La question-clé, comme le souligne Jazexhi, est que « après avoir transformé les Balkans en centre de recrutement pour Daech pendant la guerre de Syrie, les Américains sont dorénavant en train de transformer l’Albanie en plateforme pour un djihad 2.0 ».

Ce qui se passe aujourd’hui est donc une répétition de « la même erreur faite par les Albanais du Kosovo, qui ont lié leur avenir à 100% au Camp Bondsteel et seraient instantanément ré-envahis par la Serbie si l’OTAN ou les USA décidaient de s’en aller »  (ce qui se produira inévitablement un jour ou l’autre).

Pendant ce temps, l’Union européenne et les USA, qui veulent dé-radicaliser les wahhabites d’Europe, se taisent sur les djihadistes iraniens.

L’ennemi « invisible »

Ainsi, la pièce-clé du puzzle est la configuration de l’Albanie en centre de djihad 2.0 – contre les slaves de Macédoine, contre Téhéran, et aussi contre Ankara. Rien d’étonnant si le conseiller en chef du gouvernement albanais, jusqu’à ces derniers mois, était un certain Tony Blair.

Mais ensuite, c’est l’ennemi « invisible » qui compte.

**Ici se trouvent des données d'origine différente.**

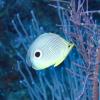 Four-Eye Butterfly Fish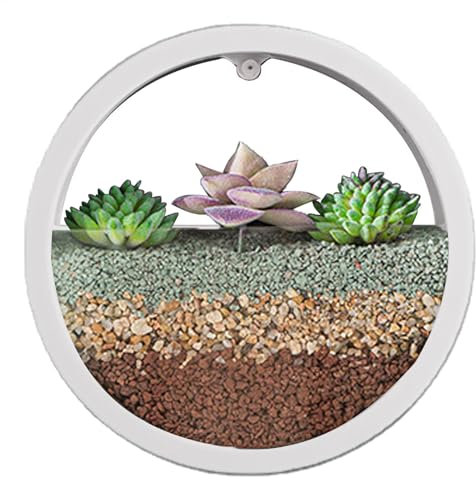 Maceta de pared redonda, florero de maceteros de pared,Maceta con jarrón de pared transparente | Florero de pared, macetero suculento circular, maceta redonda para flores, contenedor Vertical para int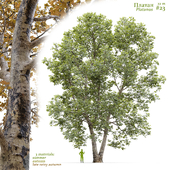 Платан / Sycamore / Platanus #23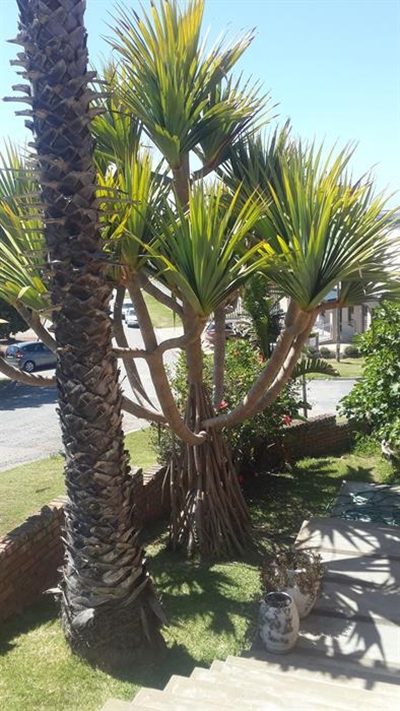 Die raaisel van die boom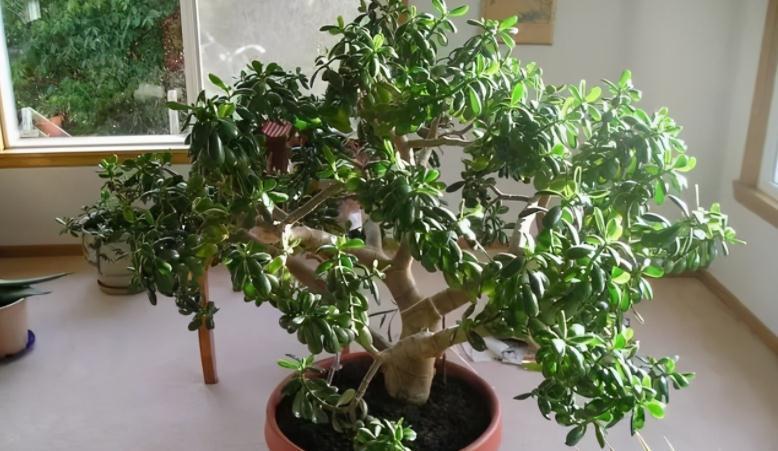 按这方法边修剪边养护玉树,盆栽不仅侧芽多,主干还长得更粗壮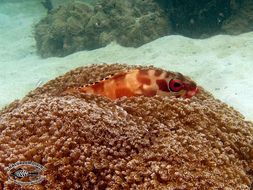 Image of Banded Reed Cod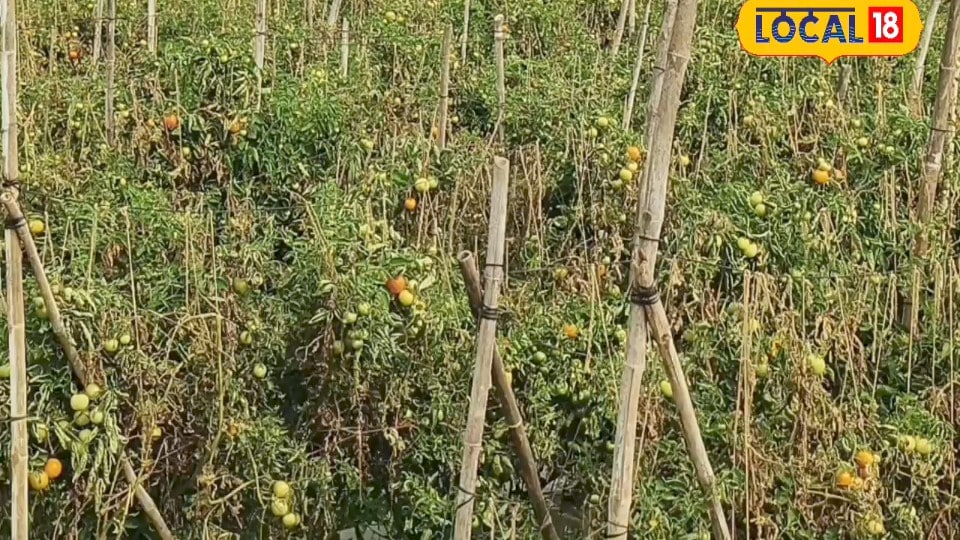 किसानों को पसंद टमाटर की ये 5 उन्नत किस्में 10 महीने तक मिलेगा बेहतर उत्पादन पैसों से भर जाएगी तिजोरी!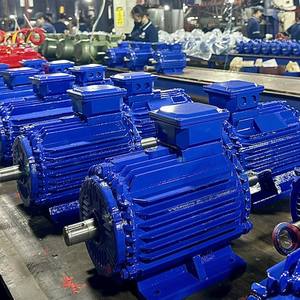 Motor Eléctrico Trifásico TOAN PHAT 380V 50Hz 60Hz AC, Carcasa de Aluminio, Núcleo de Cobre, 14-25kg - Product Image 3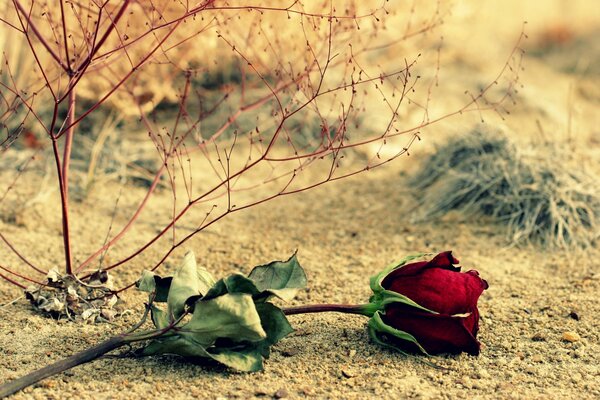 Rosa rossa sul terreno con erba secca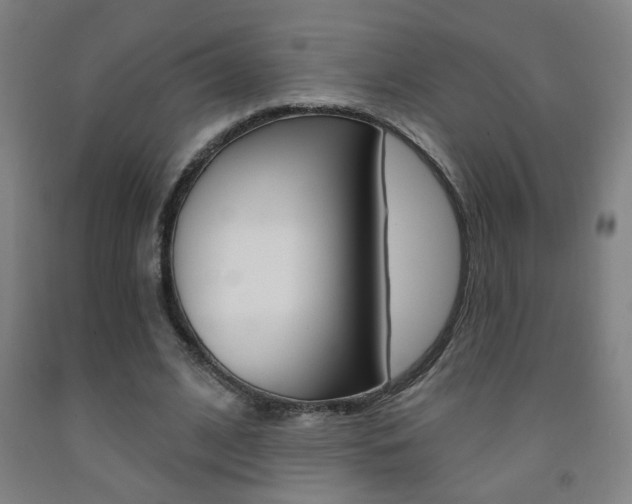 X0000093250584200709261558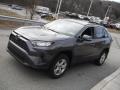 Magnetic Gray Metallic - RAV4 XLE AWD Photo No. 14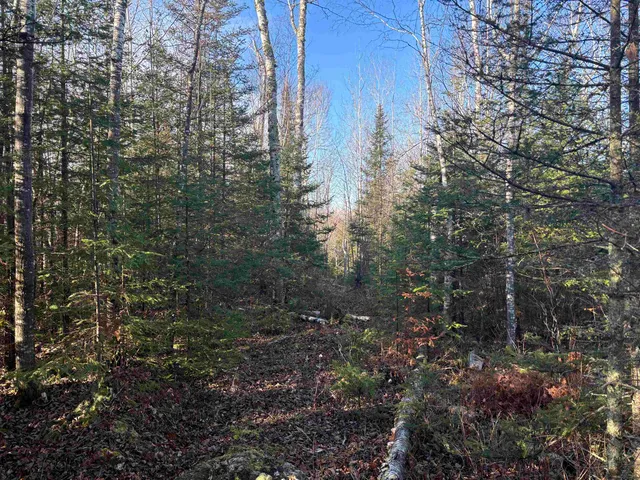 $199,900 | Xxx9 Xxx9 Powerhouse Trail, Ely, MN 55731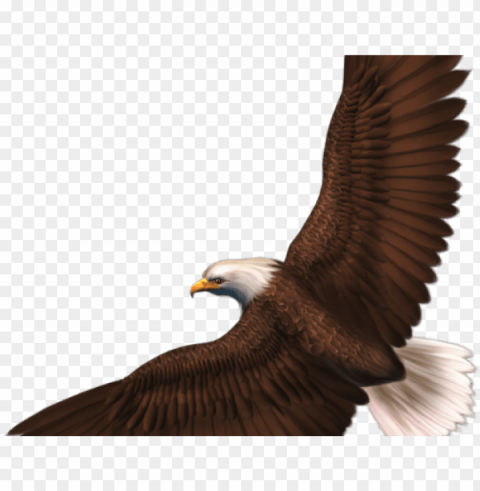 olden eagle clipart aguila - eagle clipart transparent background Free PNG images with alpha channel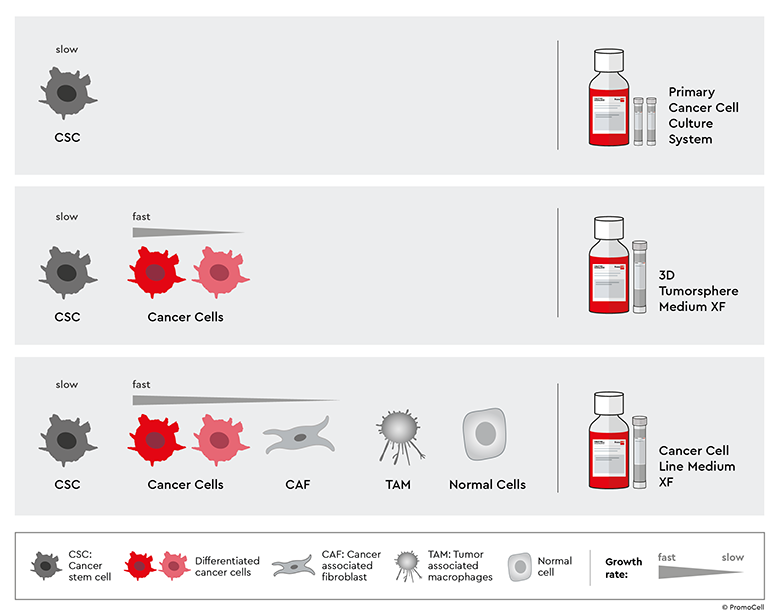 Illustration showing the factors influencing cancer stem cell (CSC) plasticity. CSC plasticity is driven by three key factors: external cues, internal cues and therapeutic pressure. 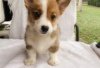 Photo №1. welsh corgi - à vendre en ville de Berlin | Gratuit | Annonce №126988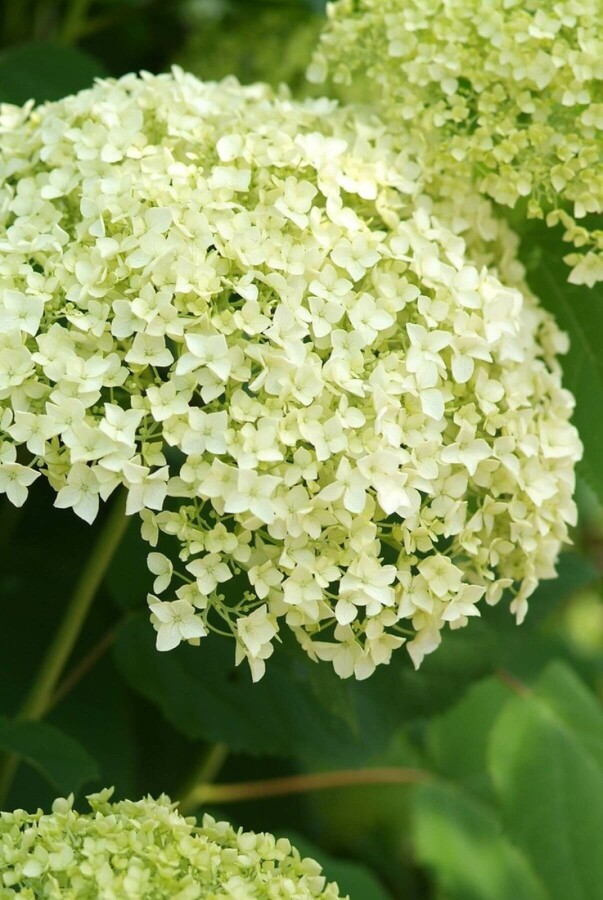Schneeball-Hortensie Hydrangea arborescens 'Annabelle' Strauch 40-50 Topf 10 ltr. (C10) Hydrangea arborescens 'Annabelle' Strauch 40-50 cm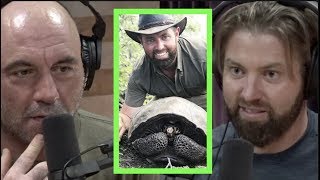 Forrest Galante Rediscovered Extinct Galapagos Tortoise  Joe Rogan [upl. by Christean]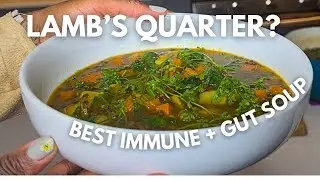 Lamb&rsquo;s Quarter Lentil Soup | Gut-Soothing, Anti-Inflammatory, & Comforting AF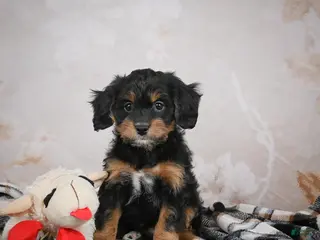 Mini Bernedoodle dogs Gracie - Ad 21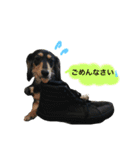 うちのみつwith友（個別スタンプ：8）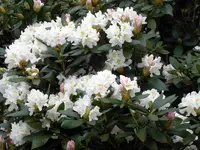 SDC10868.webp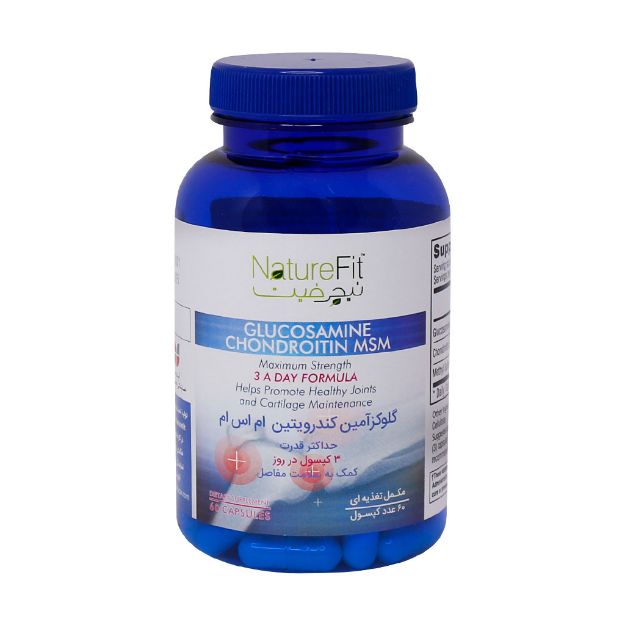 کپسول گلوکزآمین کندرویتین ام اس ام نیچرفیت 60 عدد - Nature Fit Glucosamine Chondroitin MSM 60 Cap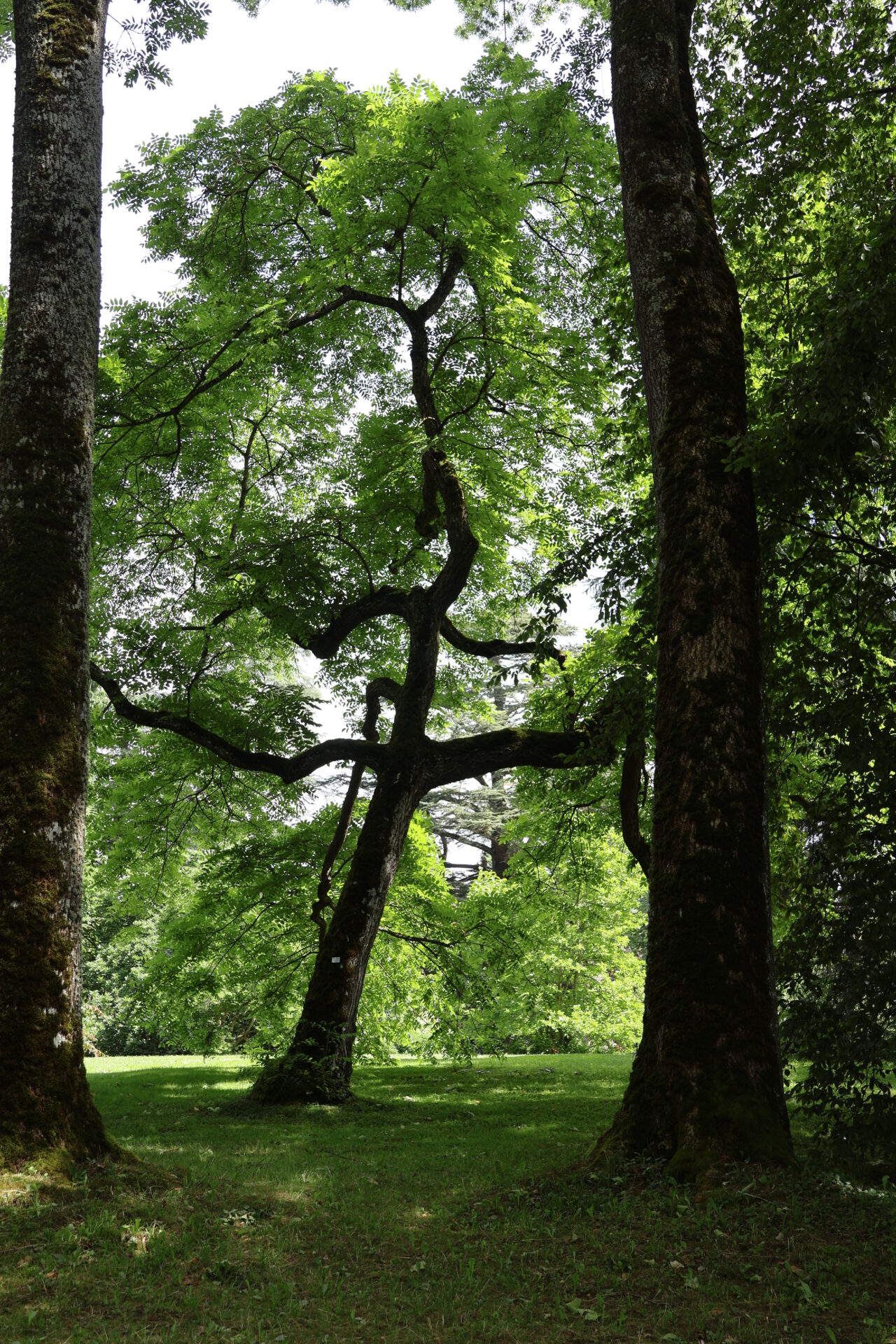 Insel Mainau im Bodensee - Juli 2023_42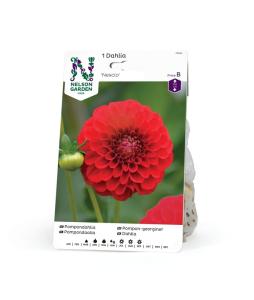Dahlia Hög pompon, Nescio, röd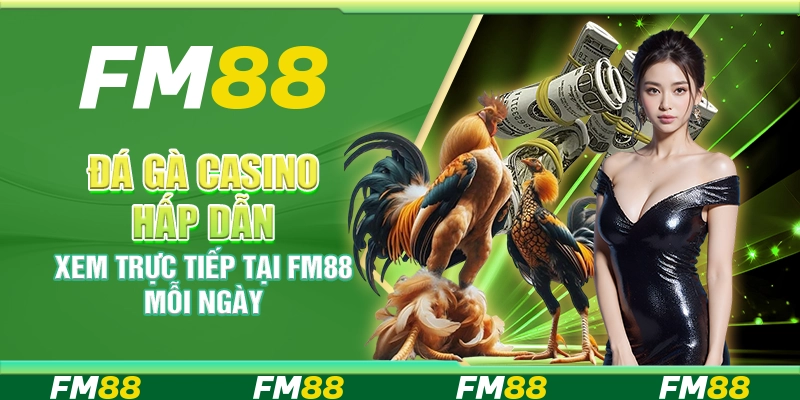 Đá Gà Casino Hấp Dẫn, Xem Trực Tiếp Tại Fm88 Mỗi Ngày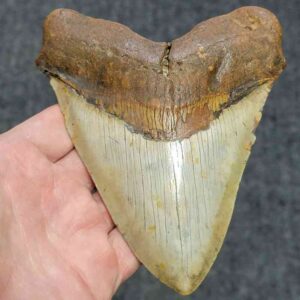 Megalodon Shark Tooth - JTMEG5.5-10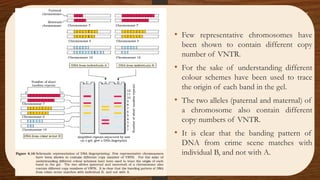• Few representative chromosomes have
been shown to contain different copy
number of VNTR.
• For the sake of understanding different
colour schemes have been used to trace
the origin of each band in the gel.
• The two alleles (paternal and maternal) of
a chromosome also contain different
copy numbers of VNTR.
• It is clear that the banding pattern of
DNA from crime scene matches with
individual B, and not with A.
 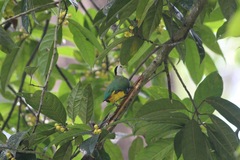 Ptilinopus melanospilus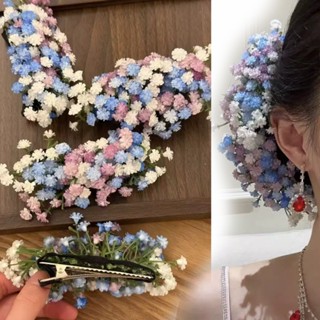  Cây nho tóc cô dâu; Mũ nón vương miện hoa Gypsophila; Phụ kiện tóc cưới Bohemian; Kẹp tóc mặt sau cho nữ; Mùa xuân 2026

En mars dernier, le président de la Serbie, Tomislav Nikolic, est allé à Pékin pour sa dernière visite officielle avant les élections du 2 avril. Le président chinois Xi Jinping a souligné que la coopération économique avec la Serbie – et plus généralement avec les Balkans – est une priorité pour la Chine.

C’est certain. En 2014, Pékin a créé un fonds appelé à investir 10 milliards d’euros en Europe centrale et de l’est. L’année dernière, China Everbright a acheté l’aéroport de Tirana, en Albanie. La banque d’exportation et d’importation de Chine finance la construction d’autoroutes en Macédoine et dans le Monténégro.

En Serbie, la corporation China Road and Bridge a construit le pont Pupin sur le Danube à Belgrade, pour une somme de 170 millions d’euros – c’est le « pont de l’amitié sino-serbe ». Il a été inauguré en 2014, et financé à 85% par un prêt de la banque d’exportation et d’importation de Chine.

Et la cerise sur gâteau du développement d’infrastructures est la voie ferroviaire à haute vitesse de plus de mille kilomètres et 2,89 milliards de dollars entre Athènes et Budapest, via la Macédoine et Belgrade.

L’UE a tiré la sonnette d’alarme à propos du tronçon (de 1,8 millions de dollars) Budapest-Belgrade, et enquête pour savoir si la section hongroise enfreint les règles strictes de l’UE selon lesquelles les appels d’offres publics sont obligatoires pour les grands chantiers de transport.

La légendaire arrogance de l’Occident sous-entend aussi que la Chine ne peut en aucun cas être capable de construire des voies ferrées à haute vitesse aussi bien, sinon mieux – et pour moins cher – que l’Europe.

Il se trouve que Budapest-Belgrade est le tronçon crucial de la route express terre-mer que Pékin s’était engagée à construire en 2014 avec la Hongrie, la Serbie et la Macédoine. En Europe du sud-est, c’est l’étape centrale de la nouvelle Route de la soie, aujourd’hui dénommée Initiative Belt and Road ; un couloir commercial entre le port du Pirée sur la Méditerranée – en partie possédé par la compagnie China Ocean Shipping depuis 2010 – jusqu’en Europe centrale.

La raison officielle de la présence de l’OTAN dans les Balkans est « le combat contre la menace du terrorisme ». Selon le Secrétaire général de l’OTAN Jens Stoltenberg, « J’ai récemment visité la Bosnie-Herzégovine et le Kosovo, et je suis encouragé par leurs efforts contre la menace de combattants étrangers ».

Les « combattants étrangers » se trouvent précisément chez eux, non seulement au Kosovo mais bientôt en Albanie, la capitale du djihad 2.0. Après tout, l’OTAN excelle dans la création de « menaces » essentielles à la justification de son existence.

Le djihad 2.0 peut bien être dirigé contre les slaves de Macédoine, contre l’Iran et contre la Turquie. Sans même parler du ventre mou de la Russie. L’angle invisible est qu’il peut toujours être déployé pour mettre à mal la dynamique de l’intégration de l’Europe du sud-est comme plateforme de la nouvelle Route de la soie.